- _What you need to do_
Every entry below is to be copied exactly, with nothing left out.

- _Available data_
******

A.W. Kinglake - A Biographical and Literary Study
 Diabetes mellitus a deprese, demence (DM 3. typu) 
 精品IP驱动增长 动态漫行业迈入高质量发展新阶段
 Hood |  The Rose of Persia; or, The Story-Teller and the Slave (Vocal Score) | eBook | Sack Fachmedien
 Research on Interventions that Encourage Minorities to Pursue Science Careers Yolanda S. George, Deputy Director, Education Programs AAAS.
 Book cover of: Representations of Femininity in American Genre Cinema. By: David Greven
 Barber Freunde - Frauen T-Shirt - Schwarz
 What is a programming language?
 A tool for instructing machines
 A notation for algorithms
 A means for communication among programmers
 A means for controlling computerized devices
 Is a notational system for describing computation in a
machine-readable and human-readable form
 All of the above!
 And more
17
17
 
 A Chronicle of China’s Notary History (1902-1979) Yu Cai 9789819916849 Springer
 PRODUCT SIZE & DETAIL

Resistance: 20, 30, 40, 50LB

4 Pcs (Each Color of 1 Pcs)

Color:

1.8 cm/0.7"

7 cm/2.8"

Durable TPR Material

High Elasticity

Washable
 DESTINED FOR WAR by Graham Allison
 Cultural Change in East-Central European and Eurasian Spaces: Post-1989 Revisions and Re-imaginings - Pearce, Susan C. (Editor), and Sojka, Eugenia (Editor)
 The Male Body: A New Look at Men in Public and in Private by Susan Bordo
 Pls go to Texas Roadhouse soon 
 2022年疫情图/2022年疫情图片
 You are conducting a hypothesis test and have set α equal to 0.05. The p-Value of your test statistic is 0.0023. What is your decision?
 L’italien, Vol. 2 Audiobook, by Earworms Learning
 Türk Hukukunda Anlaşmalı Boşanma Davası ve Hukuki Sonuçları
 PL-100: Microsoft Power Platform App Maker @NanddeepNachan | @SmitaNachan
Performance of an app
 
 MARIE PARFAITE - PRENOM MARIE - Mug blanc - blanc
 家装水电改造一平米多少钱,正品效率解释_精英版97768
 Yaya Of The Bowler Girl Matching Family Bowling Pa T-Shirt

******

- _Answer space_
A.W. Kinglake - A Biographical and Literary Study
 Diabetes mellitus a deprese, demence (DM 3. typu) 
 精品IP驱动增长 动态漫行业迈入高质量发展新阶段
 Hood |  The Rose of Persia; or, The Story-Teller and the Slave (Vocal Score) | eBook | Sack Fachmedien
 Research on Interventions that Encourage Minorities to Pursue Science Careers Yolanda S. George, Deputy Director, Education Programs AAAS.
 Book cover of: Representations of Femininity in American Genre Cinema. By: David Greven
 Barber Freunde - Frauen T-Shirt - Schwarz
 What is a programming language?
 A tool for instructing machines
 A notation for algorithms
 A means for communication among programmers
 A means for controlling computerized devices
 Is a notational system for describing computation in a
machine-readable and human-readable form
 All of the above!
 And more
17
17
 
 A Chronicle of China’s Notary History (1902-1979) Yu Cai 9789819916849 Springer
 PRODUCT SIZE & DETAIL

Resistance: 20, 30, 40, 50LB

4 Pcs (Each Color of 1 Pcs)

Color:

1.8 cm/0.7"

7 cm/2.8"

Durable TPR Material

High Elasticity

Washable
 DESTINED FOR WAR by Graham Allison
 Cultural Change in East-Central European and Eurasian Spaces: Post-1989 Revisions and Re-imaginings - Pearce, Susan C. (Editor), and Sojka, Eugenia (Editor)
 The Male Body: A New Look at Men in Public and in Private by Susan Bordo
 Pls go to Texas Roadhouse soon 
 2022年疫情图/2022年疫情图片
 You are conducting a hypothesis test and have set α equal to 0.05. The p-Value of your test statistic is 0.0023. What is your decision?
 L’italien, Vol. 2 Audiobook, by Earworms Learning
 Türk Hukukunda Anlaşmalı Boşanma Davası ve Hukuki Sonuçları
 PL-100: Microsoft Power Platform App Maker @NanddeepNachan | @SmitaNachan
Performance of an app
 
 MARIE PARFAITE - PRENOM MARIE - Mug blanc - blanc
 家装水电改造一平米多少钱,正品效率解释_精英版97768
 Yaya Of The Bowler Girl Matching Family Bowling Pa T-Shirt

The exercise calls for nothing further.